On January 28, 1920, J. G. Kennedy brought suit on the notes. The defense was a plea of limitation and a further plea that the action could not be maintained because the notes had never been listed for taxation. The defendant declined to offer any evidence, and at the conclusion of the evidence for plaintiff, the court directed the jury to return a verdict in his favor. Defendant appeals.

In the case of a promissory note not placed on the footing of a bill of exchange, the period of limitation is 15 years; but a payment on the note is a sufficient acknowledgment of the debt to stop the running of the statute up to that time, and the period of limitation will then be computed from the date of the payment. Brown's Adm'r v. Osborne, 136 Ky. 456, 124 S.W. 405. However, if, as in this case, the payments represented by the credits are denied, the burden is on the holder of the note to show that the payments were made at the time they purport to have been made, or at least within 15 years from the time the note became due. Tate v. Hawkins, 81 Ky. 577, 50 Am.Rep. 181.

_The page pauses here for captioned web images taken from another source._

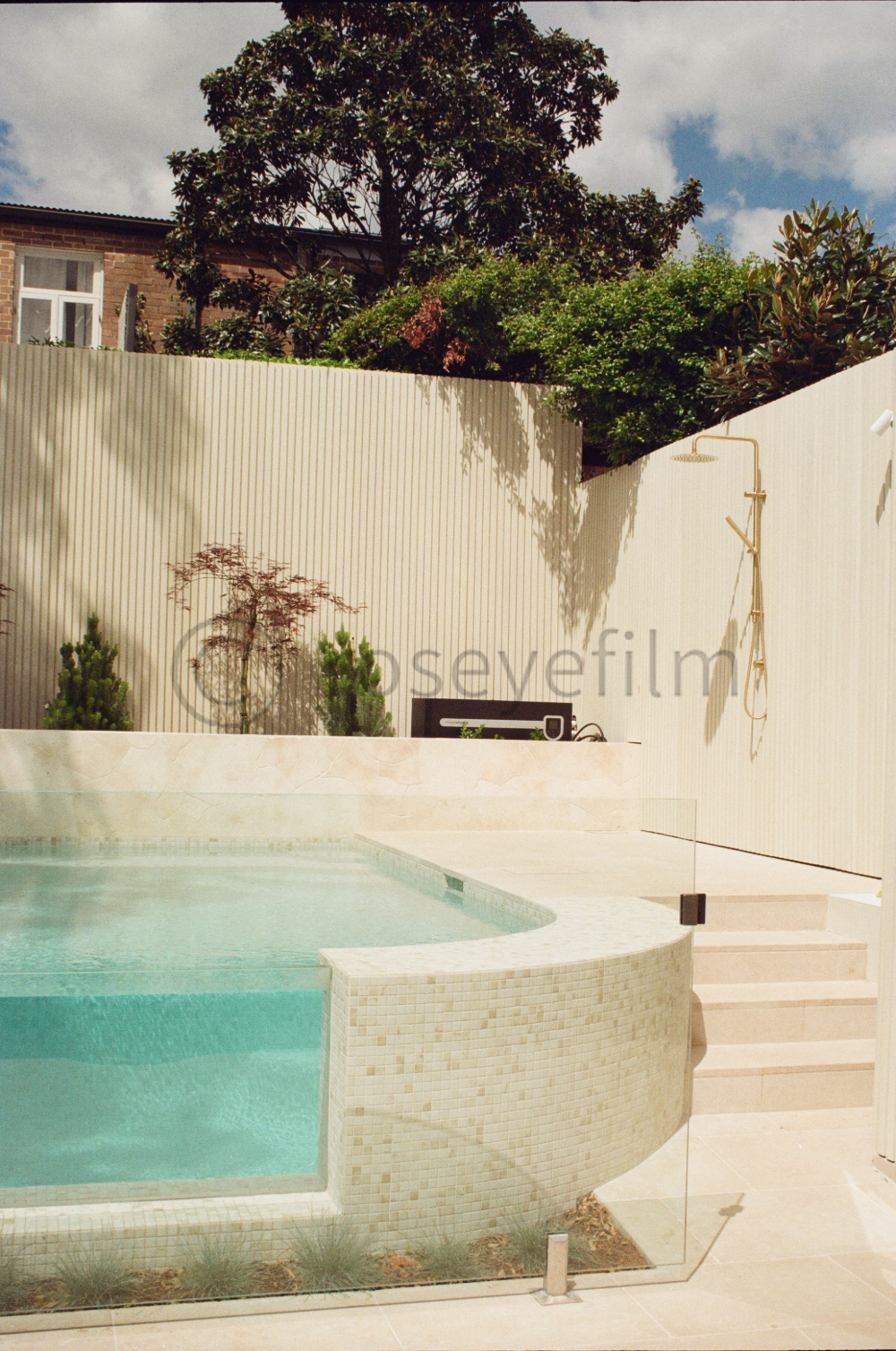 A modern outdoor swimming pool with light-colored tile surrounded by a privacy wall, small plants, and a staircase leading to a higher level. There is an outdoor shower mounted on the wall and a black timer device on the ledge above the pool. The bac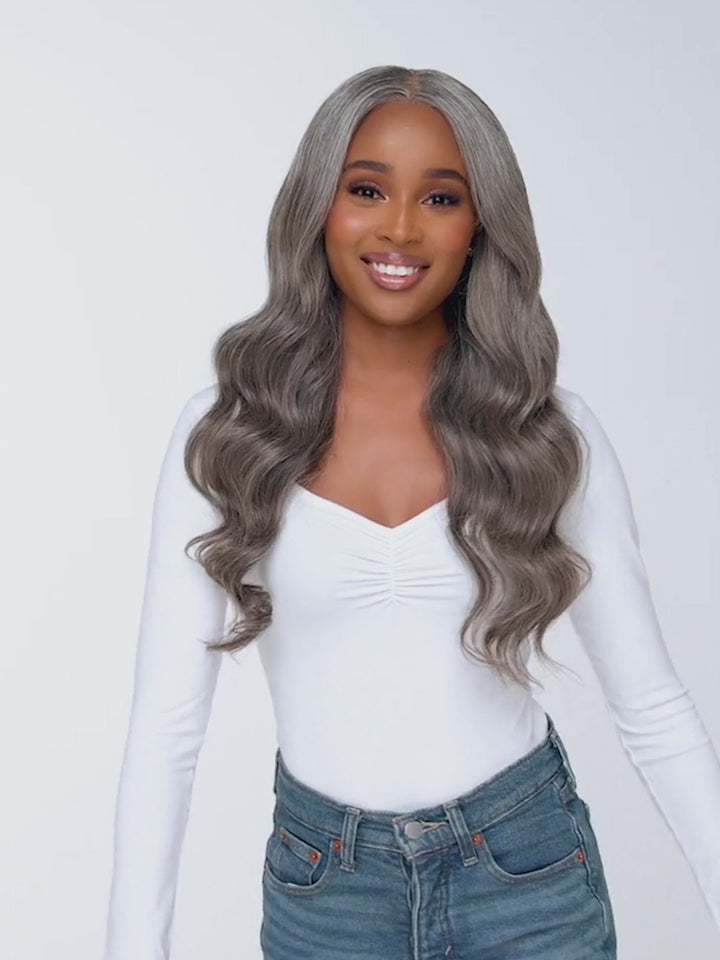 Styled application of Indique Pure Gray Wavy wefted extensions, showing effortless movement and body.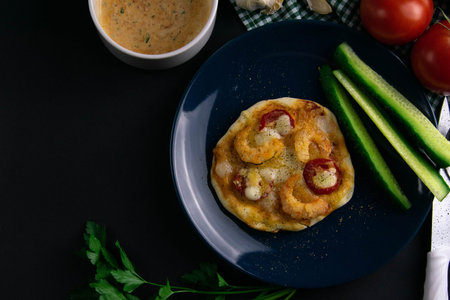 Small mini pizza with shrimp, tomato and cheese on blue plate with cucumber around a plate of...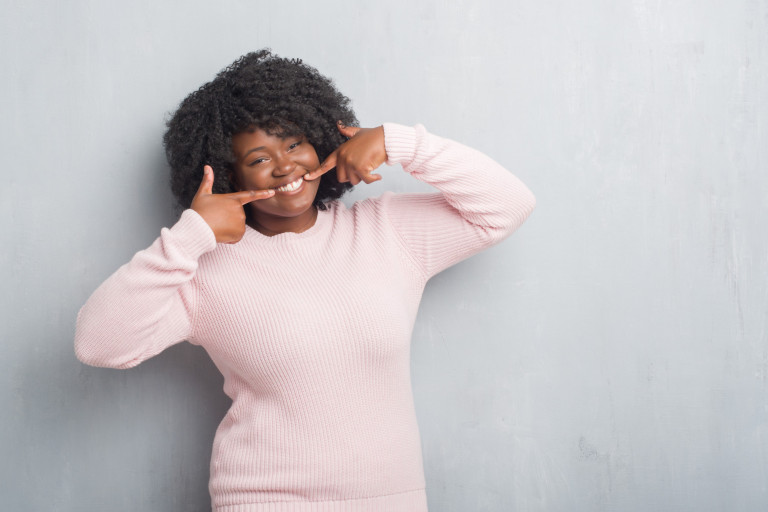 Vrouw met roze pullover en brede glimlach
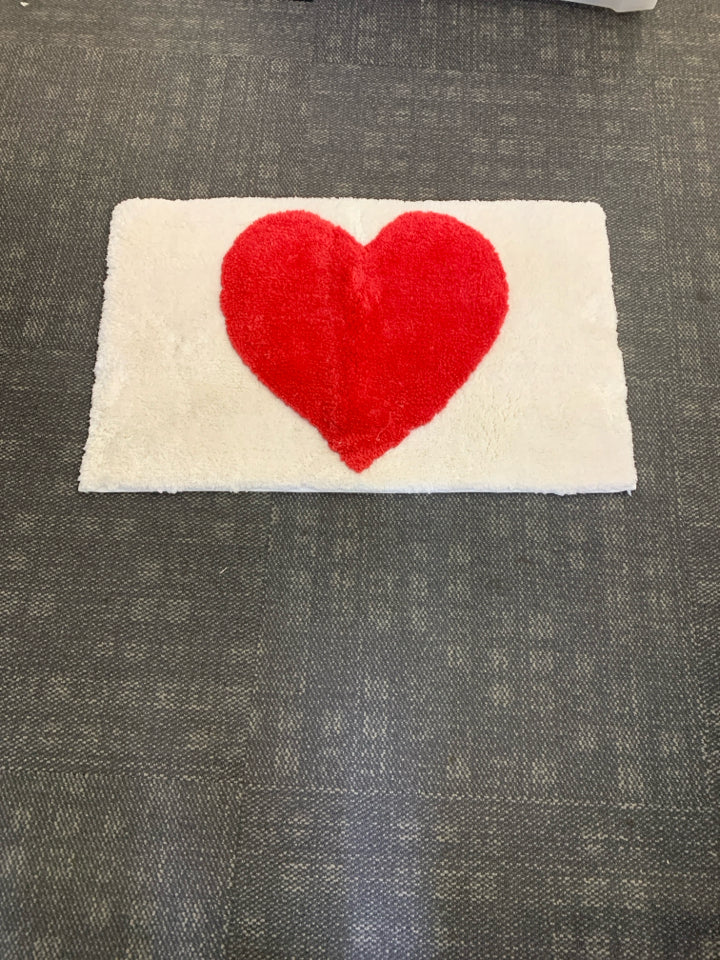 WHITE W RED HEART BATH MAT.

Respecting the credits of November 3, 1898, appellee testified as follows:

"Q. I say there was indorsed on this note, 'Received on the within note, November 3, $850.00.' That is November 3, 1898; and also on the other $3,000 and on the $1,000 note $300 on that day. Now will you explain to the jury how you came to credit these notes with that amount? A. Well, it was through an understanding with me and him. I gave him credit of $2,000 on the three notes. Understand he knows all about it.

Q. How did the $2,000 come about? Explain it. A. It came this way: He always claimed in his settlement with Wayne--it has nothing to do with my settlement with Wayne--he always claimed that he did not get a fair settlement; Wayne did not treat him right. I told him I could not help that--what Wayne done to him. I said when I get my settlement through with Wayne-- (Defendant, by counsel, objects to the foregoing answer.) A. That is a credit that I gave him then; there is nothing crooked about it; he understands the whole business.

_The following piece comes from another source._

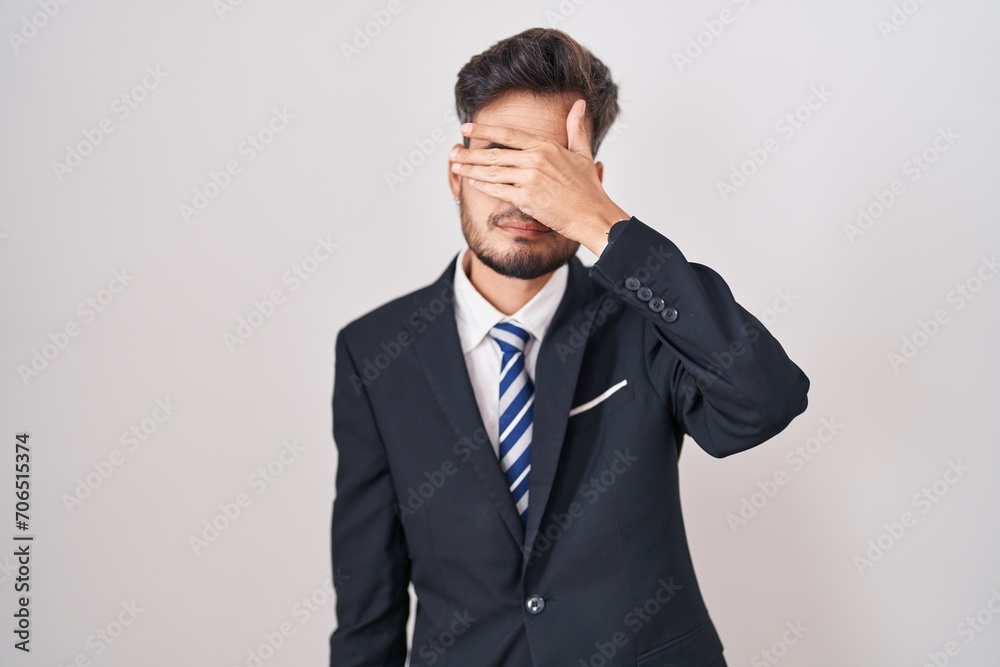Young hispanic man with tattoos wearing business suit and tie covering eyes with hand, looking serious and sad. sightless, hiding and rejection concept Young hispanic man with tattoos wearing business suit and tie covering eyes with hand, looking serious and sad. sightless, hiding and rejection concept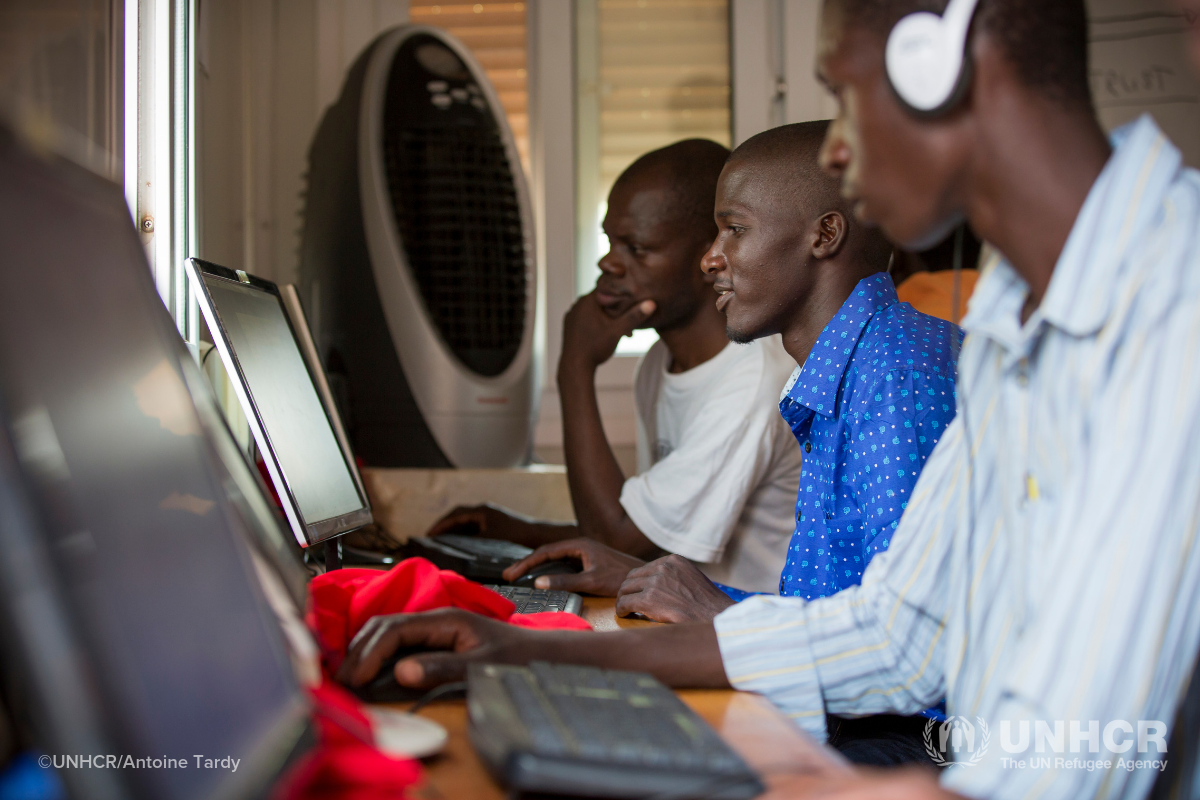 Refugees in Kakuma sitting in row of desks in front of computers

Q. Now we were interrupted there, so I don't think the jury heard you. Tell the jury as clearly as you can what the transaction was about by which you gave him credit for $2,000; explain it fully. A. It was just this--

Q. Tell what occurred between you and J. W. Kennedy. A. It was not concerning him at all. I just simply made him a present in settlement.

Q. I am not asking you that. I am asking you about the transaction; tell me that. A. I don't know what you mean.

Q. That don't tell me about the transaction itself. A. There was an understanding that I give him credit.

Q. What was the understanding? A. After I got off from Wayne with my settlement, why--

Q. You had an agreement with him about that? A. Yes, sir; he understood it, and he understands it to-day.

Q. Well, what did you get off of Wayne? A. $4,000.

Q. Credited him-- A. Credited him with half on them notes as a present.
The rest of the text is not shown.